I'd thought of that. As long as the paper doesn't touch the pipe it may work.


Let's compare our two systems with the exact same stove. assuming the stoves are both correctly assembled and that both have sufficient air supply, mine by direct duct and yours by virtue of it still being air leaky, what are the differences.

I have about 5 feet of 6 inch diameter single wall pipe from the stove chimney collar to the 12" of insulated pipe that hangs below the ceiling.  Above the ceiling it is all 6 inch diameter insulated pipe up to the chimney cap. I have 8 feet of insulated pipe above the ceiling. Overall pipe length is about 14 feet. That's 2 feet short of the VC recommendation. I tried that with the thought I could add 2 to 3 feet if necessary. One reason I postponed that was the longer stretch of pipe above the roof would have required roof stays or guys.

When we leave the cabin for home, if there is still some fire in the stove I scrap everything together in a pile, open the draft all the way and let it burn out. We we return there is usually a pound or so of not fully burned charcoal left, and a tray of ashes. Burning 100% pine with a little DF mixed in. Outside seasoned for a couple years now. I have some stored through the summer in a couple of wood bins (no rain no snow on that wood). Some of the wood pile, the part that will see us through the winter is covered with strips of metal roofing material to keep most of the rain and snow off.


You have ample overall chimney length. The real difference is with the extended run of single wall pipe.

Does your chimney cap have a screen? If it does there's an outside chance it is fouled, not letting the smoke through like it should.

Do you have the elbows installed or is this a test setup with a straight up run like mine?

Just because something has been done and has not failed, doesn't mean it is good design.

dug

QuoteDoes your chimney cap have a screen?

I'm not really sure. I didn't notice one when I put it on but I wasn't looking for it either. Not too fired up to scale that roof again, maybe I will see if I can get a decent look with my binoculars tomorrow.

QuoteDo you have the elbows installed or is this a test setup with a straight up run like mine?
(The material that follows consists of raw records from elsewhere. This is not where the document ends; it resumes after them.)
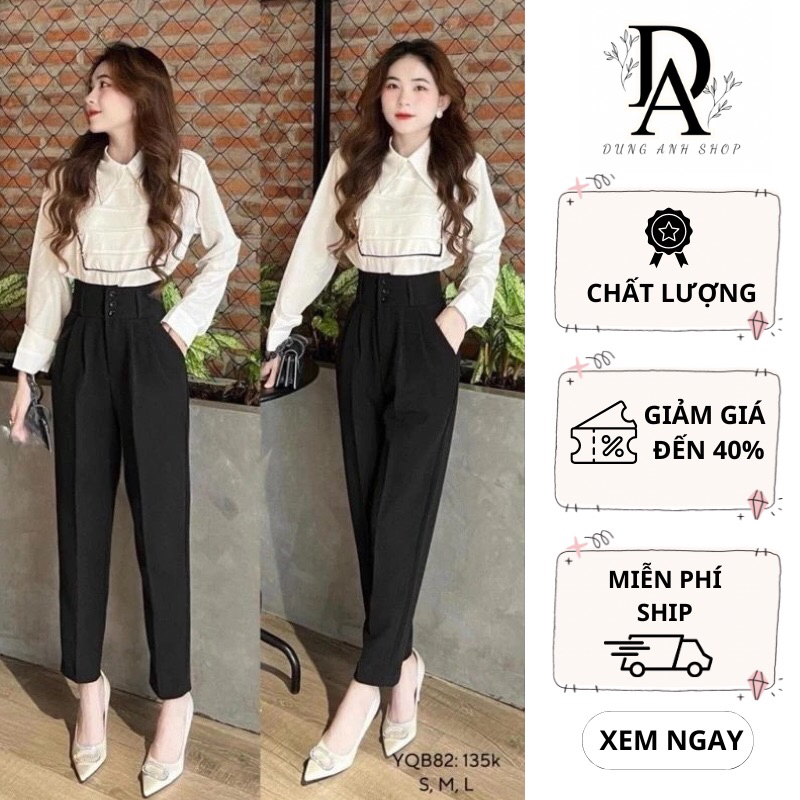 Quần tây nữ Baggy cạp cao bản to 3 cúc  mặc đi làm công sở đi học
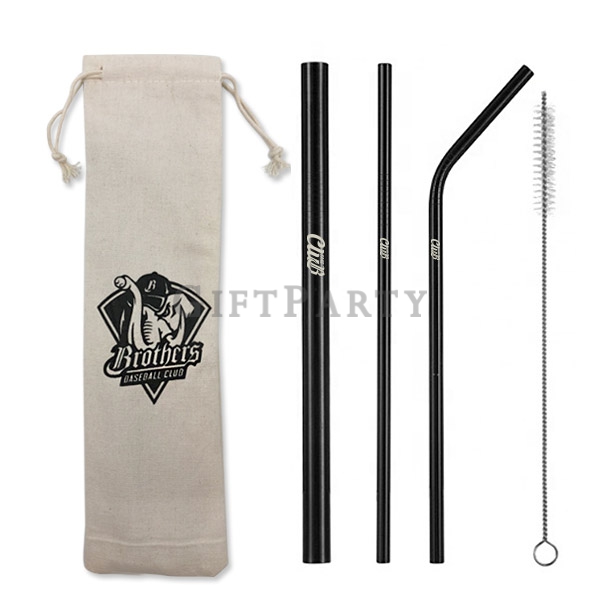 Stainless steel straw,企業贈品,企業禮品,不鏽鋼吸管組鍍黑4件套, Baseball giveaways, baseball accessories, baseball team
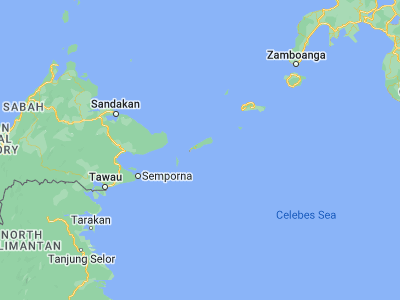 Map showing location of Balimbing (5.0825, 119.96583)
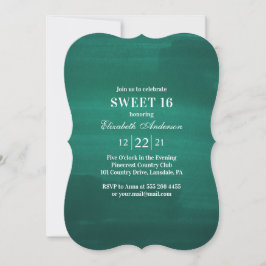 Emerald Sweet 16. Modern grönt 16:e födelsedag Inbjudningar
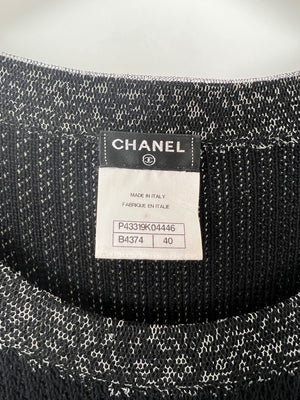 Chanel 12P Black Knitted Short-Sleeve Dress with White Trim Detail FR 40 (UK 12)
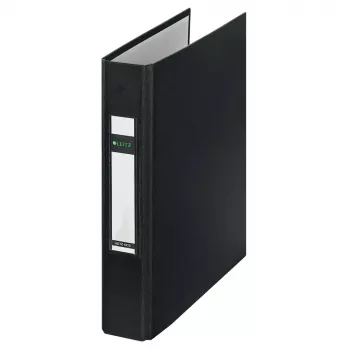 Dossier de anéis LEITZ Standard A5, 2 anéis D, preto, lombada 37 mm 4213-00-95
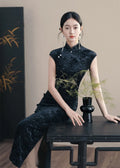 Retro Chinese Style Velvet Sleeved Qipao 2024 Spring/Summer New Slim Fashionable Women's Cheongsam Dress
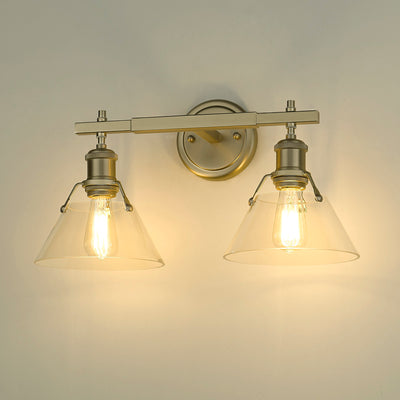 Yep by Golden Lighting Orwell 2-light Vanity in Brushed Champagne Brass and Clear Glass - - Golden Lighting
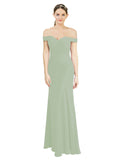 Smoke Green Mermaid Off the Shoulder Sleeveless Long Bridesmaid Dress Carolyn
It's a straight run right now.

I wrapped some R19 fiberglass around the top 8 ft. of the pipe today and am going to light it pretty soon and see if that makes a difference. I'll let you know.

dug

Well I tried insulating the top portion of the pipe and it made no difference. I took it apart again today and blew compressed air through the air vents. Nothing much came out except a little fine ash and I ran a water pipe snake through to confirm they were open. I was not sure if I fixed anything but I got to know the air flow of my stove well.

Anyway I lit a fire and got it good and hot, then threw a couple of logs in and shut the door. To my amazement they caught flame immediately. Success!  :)

An hour later now it is still burning strong and the stove is nice and hot. Yea!!

John Raabe

Glad to hear the stove is now working properly... It's a bit of a mystery what the blockage was but you seemed to have cleared it.

This is good. :D :D :D
None of us are as smart as all of us.

LeoinSA

Was the stove sitting idle outside for a time?  Maybe some mud dauber wasps (or something similar) got into the passages and partially clogged them?  Dunno.  Just guessing.